Читать книгу Expert Card Technique - Jean Hugard - Страница 76
THE SLIDE TOP CHANGE
ОглавлениеIt is more than passing strange that, with all the thought expended by card manipulators, both amateur and professional, for so many generations, no really practical method of interchanging the top card with the second, without removing it from the pack, has been evolved. The need for such a sleight has been apparent, and yet the only two methods of producing this effect cannot be termed secret sleights since both necessitate an open manipulation, which, if the sleight is to be used as a secret subterfuge in the course of a trick, immediately precludes their use.
The earliest textbooks give the following method: With the pack held as for dealing, the left thumb pushes the top card off the pack an inch to the right where it is supported by the tips of the fingers. The thumb moves back, drops upon the exposed surface of the second card and draws it back an inch towards the left, tipping it up at its right side. The top card is then slid back underneath by the left fingers and the cards are again squared. As stated this method has no practical value except perhaps as a little flourish, Fig. 1.

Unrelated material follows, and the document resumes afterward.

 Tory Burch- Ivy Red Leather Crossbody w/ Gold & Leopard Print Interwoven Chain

The second method, A New Top Change, was first published in 1935.{3} It is an excellent sleight, but since the top card must be faced to effect the change, it cannot be used in those tricks in which the exchange must be an entirely secret one, and in which the face of neither card must be seen.

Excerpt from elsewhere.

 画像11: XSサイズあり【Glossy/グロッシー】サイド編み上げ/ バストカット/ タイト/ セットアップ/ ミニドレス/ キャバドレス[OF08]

The method given here fulfills these requirements:
1. Hold the pack in the left hand as for dealing, place the right hand over the pack and make a light squaring motion of the ends with the thumb and fingers.
2. Push the top card to the right an inch with the left thumb, immediately gripping it between the first joint of the right little finger and the flesh at the base of the thumb.
3. Drop the left thumb upon the exposed surface of the second card and draw it to the left until it clears the top card, lifting the right side of the second card a quarter of an inch in the action, Fig. 2.
4. Continue the squaring action by moving the right hand to the left, sliding the left side of the top card under the right side of the second card.
5. Immediately square both cards upon the pack as both hands continue the squaring movements.
The sleight is done in a second under cover of a small and slow motion of the hands to the left, the top card being concealed at all times by the back of the right hand. The uses to which it can be put are many; one will be cited here. Let us assume that in the Ambitious Card trick, a card has apparently been placed in the center of the pack and magically caused to rise to the top. It is replaced at the top and, by means of this sleight, it is secretly placed under the second card. The operator is now in a position to repeat the double-lifting process. It should be noted that as the top card slides under the second card, the left little finger can be pressed up against its face, making a break at the inner left corner and thus eliminating any further get-set move for the subsequent double lift.